_Supplied data_

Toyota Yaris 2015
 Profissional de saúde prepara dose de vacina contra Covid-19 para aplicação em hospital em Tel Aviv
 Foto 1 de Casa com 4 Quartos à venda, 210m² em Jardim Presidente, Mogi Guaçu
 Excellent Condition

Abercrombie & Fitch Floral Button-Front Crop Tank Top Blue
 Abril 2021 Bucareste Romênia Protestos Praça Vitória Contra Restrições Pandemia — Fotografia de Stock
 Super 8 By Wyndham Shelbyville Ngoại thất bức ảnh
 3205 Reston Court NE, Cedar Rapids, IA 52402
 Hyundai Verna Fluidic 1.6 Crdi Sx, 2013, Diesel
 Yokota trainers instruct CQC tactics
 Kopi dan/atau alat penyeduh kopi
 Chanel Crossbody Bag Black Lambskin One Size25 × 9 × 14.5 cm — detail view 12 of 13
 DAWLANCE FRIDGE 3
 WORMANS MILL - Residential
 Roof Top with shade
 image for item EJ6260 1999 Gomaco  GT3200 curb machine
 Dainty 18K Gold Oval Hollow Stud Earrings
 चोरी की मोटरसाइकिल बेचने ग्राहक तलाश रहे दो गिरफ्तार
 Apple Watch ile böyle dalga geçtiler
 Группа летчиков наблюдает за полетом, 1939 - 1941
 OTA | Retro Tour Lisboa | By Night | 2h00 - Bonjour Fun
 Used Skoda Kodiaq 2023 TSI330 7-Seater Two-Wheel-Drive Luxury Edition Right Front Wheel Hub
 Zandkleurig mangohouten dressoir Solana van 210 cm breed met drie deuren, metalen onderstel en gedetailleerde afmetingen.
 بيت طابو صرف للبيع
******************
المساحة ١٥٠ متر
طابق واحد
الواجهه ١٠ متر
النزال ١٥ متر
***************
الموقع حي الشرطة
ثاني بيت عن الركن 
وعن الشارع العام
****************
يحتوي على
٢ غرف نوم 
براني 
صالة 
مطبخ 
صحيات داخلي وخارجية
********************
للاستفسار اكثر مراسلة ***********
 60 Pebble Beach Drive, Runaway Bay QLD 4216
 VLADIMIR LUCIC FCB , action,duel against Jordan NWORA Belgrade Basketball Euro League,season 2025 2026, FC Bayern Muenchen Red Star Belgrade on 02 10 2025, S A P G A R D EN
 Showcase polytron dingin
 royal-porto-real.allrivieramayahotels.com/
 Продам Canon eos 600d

_Activity_
Each line above from the one with "Profissional de saúde" up to and including the one with "الواجهه ١٠ متر" must be set down exactly, and no line outside that span may appear.

_Response_
 Profissional de saúde prepara dose de vacina contra Covid-19 para aplicação em hospital em Tel Aviv
 Foto 1 de Casa com 4 Quartos à venda, 210m² em Jardim Presidente, Mogi Guaçu
 Excellent Condition

Abercrombie & Fitch Floral Button-Front Crop Tank Top Blue
 Abril 2021 Bucareste Romênia Protestos Praça Vitória Contra Restrições Pandemia — Fotografia de Stock
 Super 8 By Wyndham Shelbyville Ngoại thất bức ảnh
 3205 Reston Court NE, Cedar Rapids, IA 52402
 Hyundai Verna Fluidic 1.6 Crdi Sx, 2013, Diesel
 Yokota trainers instruct CQC tactics
 Kopi dan/atau alat penyeduh kopi
 Chanel Crossbody Bag Black Lambskin One Size25 × 9 × 14.5 cm — detail view 12 of 13
 DAWLANCE FRIDGE 3
 WORMANS MILL - Residential
 Roof Top with shade
 image for item EJ6260 1999 Gomaco  GT3200 curb machine
 Dainty 18K Gold Oval Hollow Stud Earrings
 चोरी की मोटरसाइकिल बेचने ग्राहक तलाश रहे दो गिरफ्तार
 Apple Watch ile böyle dalga geçtiler
 Группа летчиков наблюдает за полетом, 1939 - 1941
 OTA | Retro Tour Lisboa | By Night | 2h00 - Bonjour Fun
 Used Skoda Kodiaq 2023 TSI330 7-Seater Two-Wheel-Drive Luxury Edition Right Front Wheel Hub
 Zandkleurig mangohouten dressoir Solana van 210 cm breed met drie deuren, metalen onderstel en gedetailleerde afmetingen.
 بيت طابو صرف للبيع
******************
المساحة ١٥٠ متر
طابق واحد
الواجهه ١٠ متر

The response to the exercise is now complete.